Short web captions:
____
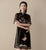 Floral Embroidery Silk & Organza Modern Cheongsam Casual Chinese Dress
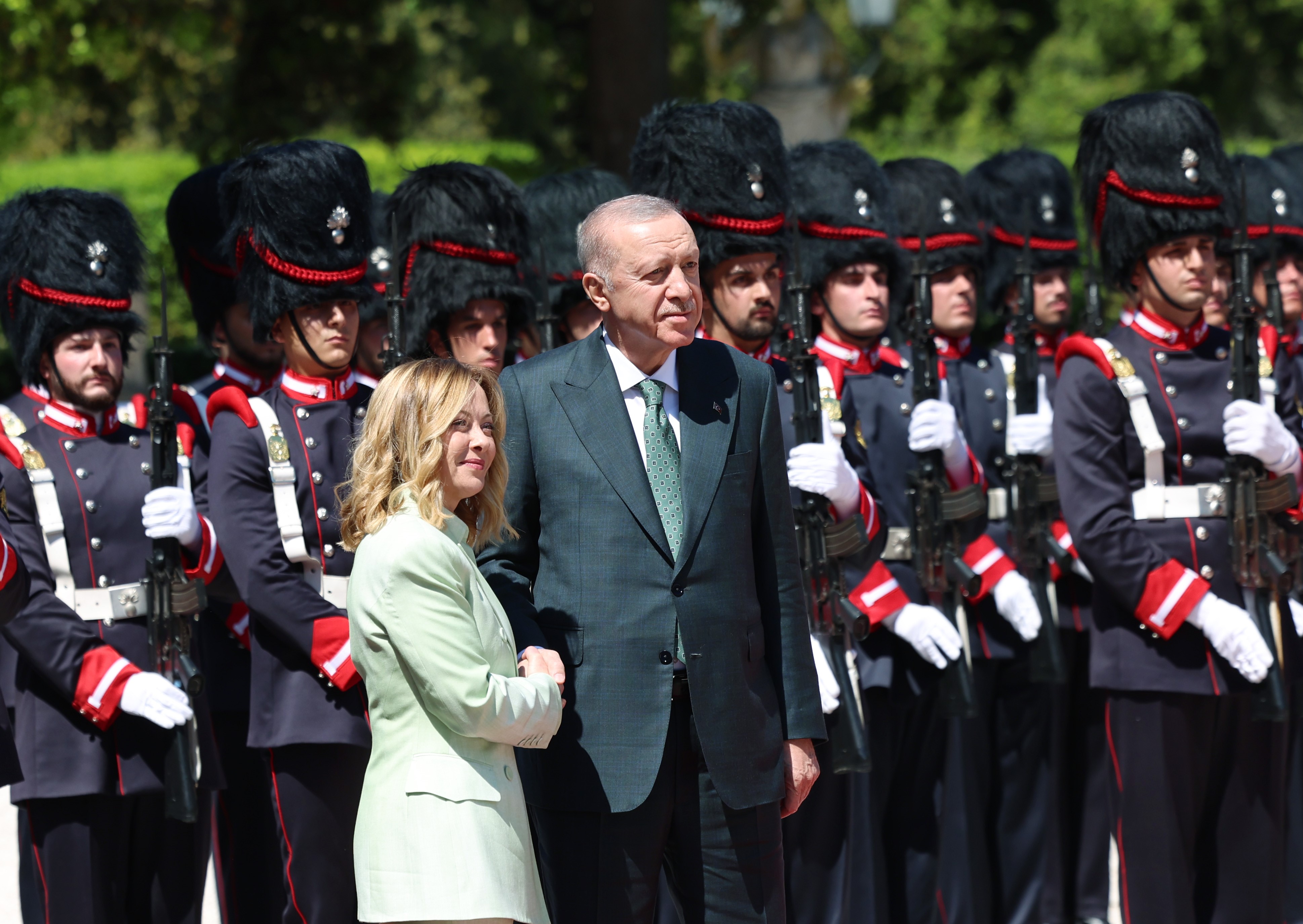 Cumhurbaşkanı Erdoğan, Meloni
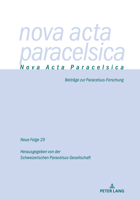 Nova Acta Paracelsica 29/2021 3034344104 Book Cover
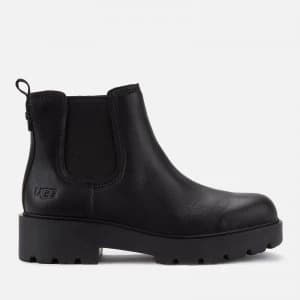 UGG Womens Markstrum Waterproof Leather Chelsea Boots - Black - UK 7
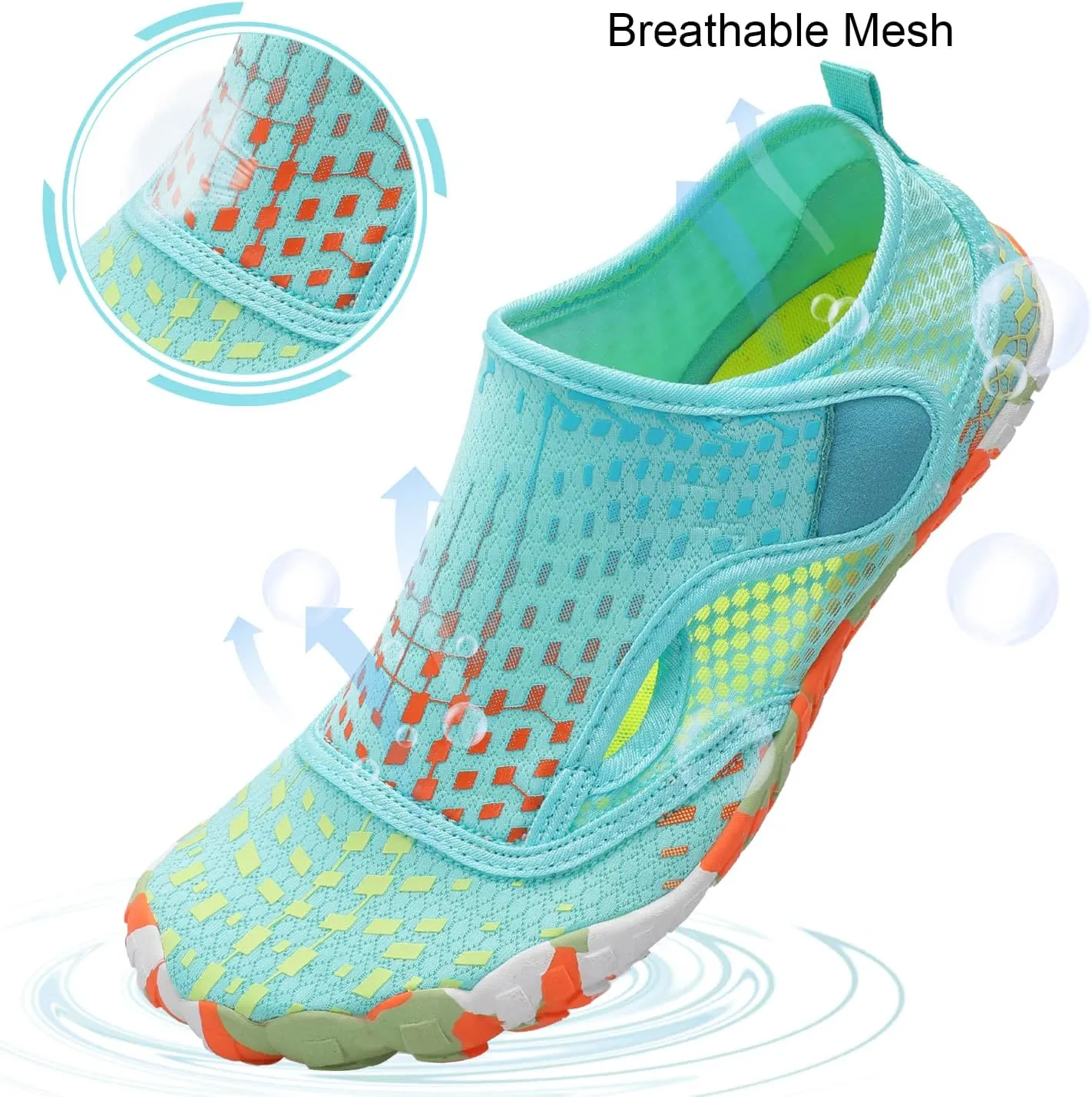 Centipede Demon Swim Water Shoes for Women Men Quick Dry Barefoot Aqua Sneakers Shoe for Beach Hiking Diving Boating River Outdoor Water Sports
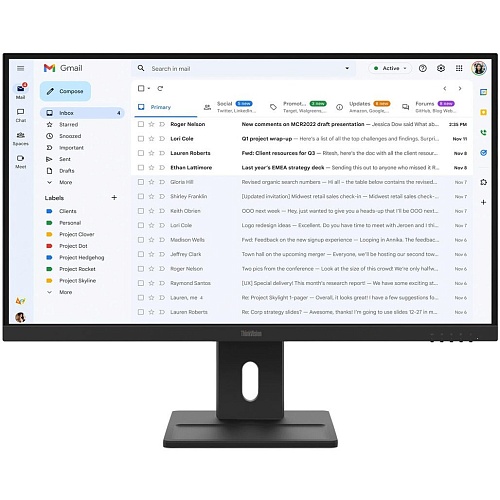 Монитор Lenovo 27" ThinkVision E27-40 (64BCMAT4EU)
____
### Action item
Repeat the data in full, exactly as it stands, but drop every picture.

### Task answer
 Floral Embroidery Silk & Organza Modern Cheongsam Casual Chinese Dress
 Cumhurbaşkanı Erdoğan, Meloni
 Nova Acta Paracelsica 29/2021 3034344104 Book Cover
 UGG Womens Markstrum Waterproof Leather Chelsea Boots - Black - UK 7
 Centipede Demon Swim Water Shoes for Women Men Quick Dry Barefoot Aqua Sneakers Shoe for Beach Hiking Diving Boating River Outdoor Water Sports
 Монитор Lenovo 27" ThinkVision E27-40 (64BCMAT4EU)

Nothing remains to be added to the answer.